If you were sitting in my office on a typical workday, looking over my shoulder, that would be a little creepy. But one thing you’d notice that differentiates me from many others is the amount of time I spend typing into the Xcode debugger console.

In my experience, other developers fall into three groups when I mention that I use the console almost exclusively when interacting with the debugger:

  1. Those who share this approach. We exchange high-fives and move on.
  2. Those who appreciate the console for occasional tricks, but rely mostly on the variables view.
  3. Those who have never heard of or noticed the console.

Let’s assume for the sake of argument that you fall into group 3. You can show the console while debugging any process by selecting View -> Debug Area -> Activate Console from the menu bar. In fact, I do this so often that that the keyboard shortcut, Cmd-Shift-C, is completely second-nature to me.

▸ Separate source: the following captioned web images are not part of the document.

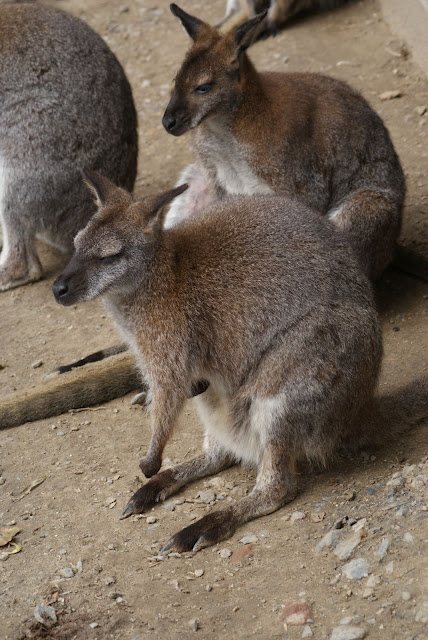 Zoo de Maubeuge 29 Août 2010 (31)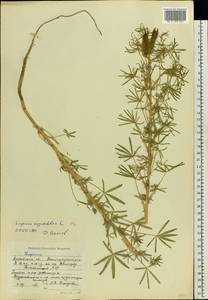 Lupinus angustifolius L., Eastern Europe, Moscow region (E4a) (Russia)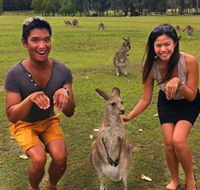 Runaway Tours - Accommodation Port Macquarie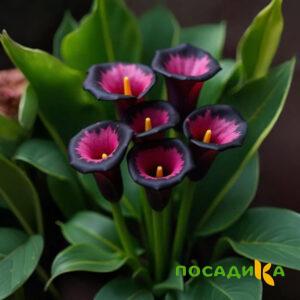 Калла Аура Лейс купить по цене от 400р. в интернет-магазине «Посадика» с доставкой почтой в в Череповеце и по всей России – [изображение №1].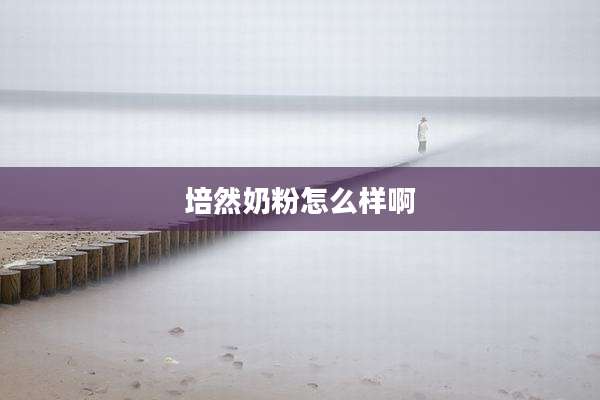 培然奶粉怎么样啊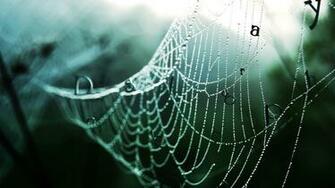 Widescreen Abstract HD Desktop Wallpaper And Background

Xcode window with console highlighted.

In fact I find the console so useful that it’s not unusual for me to hide much of the other junk, so I can have a mainline connection to the debugger.

Xcode window with large console area

So let’s go back again to the uncomfortable assumption that you’re sitting in my office, looking over my shoulder. What would you see me do in the console? All manner of things: For one thing I rarely click those visual buttons for stepping through code. Instead, I use these terse keyboard aliases, inherited from the bad old Gdb days. In lldb, these all come as standard abbreviations of more verbosely named commands:

  • n – step over the next line of source
  • s – step into the first line of source of a function
  • ni – step over the next instruction of assembly code
  • si – step into the first instruction of a function
  • c – continue
  • fin – continue until return from current stack frame

Those are the basics, but another trick, I believe it was called ret in Gdb, comes in handy often:

  • thread return – return immediately from the current stack frame

You could use this if you are stuck in some function that is crashed, for example, but you know that returning to the caller would allow the process to continue running as normal. Or, you could use it to completely circumvent a path of code by breaking on a function and bolting right out, optionally overriding the return value. Just to pick an absurd example with flair, let’s stub out AppKit’s +[NSColor controlTextColor]:

(lldb) b +[NSColor controlTextColor]
Breakpoint 1: where = AppKit`+[NSColor controlTextColor], address = 0x00007fff8fb05572
(lldb) break command add
Enter your debugger command(s).  Type 'DONE' to end.
> thread ret [NSColor redColor]
> c
> DONE
(lldb) c

Here we have opted to break on every single call to controlTextColor, returning to the caller with a fraudulent color that is apparently not consulted by the label for this popup menu in MarsEdit:

MarsEdit screenshot with labels drawn in red

In fact, mucking about with system symbols is one of the great tricks of the console, and lldb’s built-in “breakpoint” command brings with it superpowers that can’t be touched by Xcode’s dumbed down GUI-based controls. For example, what if we wanted to set a breakpoint that would catch not only +controlTextColor, but any similar variation? Using lldb’s support for regular expression breakpoints, it’s a snap:

(lldb) break set -r control.*Color -s AppKit
Breakpoint 1: 20 locations.

Here we request that a breakpoint be set for any symbol in the AppKit framework that contains the lower-cased “control,” followed by anything, then capitalized “Color.” And lldb just set 20 breakpoints at once. To see them all, just type “breakpoint list” and you’ll see all the variations listed out as sub-breakpoints:

(lldb) break list
Current breakpoints:
1: regex = 'control.*Color', locations = 20, resolved = 20, hit count = 0
  1.1: where = AppKit`+[NSColor controlTextColor], address = 0x00007fff8fb05572, resolved, hit count = 0 
  1.2: where = AppKit`+[NSDynamicSystemColor controlTextColor], address = 0x00007fff8fb05670, resolved, hit count = 0 
  1.3: where = AppKit`+[NSColor controlBackgroundColor], address = 0x00007fff8fb1465d, resolved, hit count = 0 
  1.4: where = AppKit`+[NSDynamicSystemColor controlBackgroundColor], address = 0x00007fff8fb1475d, resolved, hit count = 0 
  (etc...)

One major shortcoming of all this goodness is Xcode has a mind of its own when it comes to which breakpoints are set on a given target. Anything you add from the lldb prompt will not register as a breakpoint in Xcode’s list, so you’ll have to continue to manipulate it through the console. You can enable or disable breakpoints precisely by specifying both the breakpoint number and its, umm, sub-number? For example to disable the breakpoint on +[NSColor controlBackgroundColor] above, just type “break disable 1.3”.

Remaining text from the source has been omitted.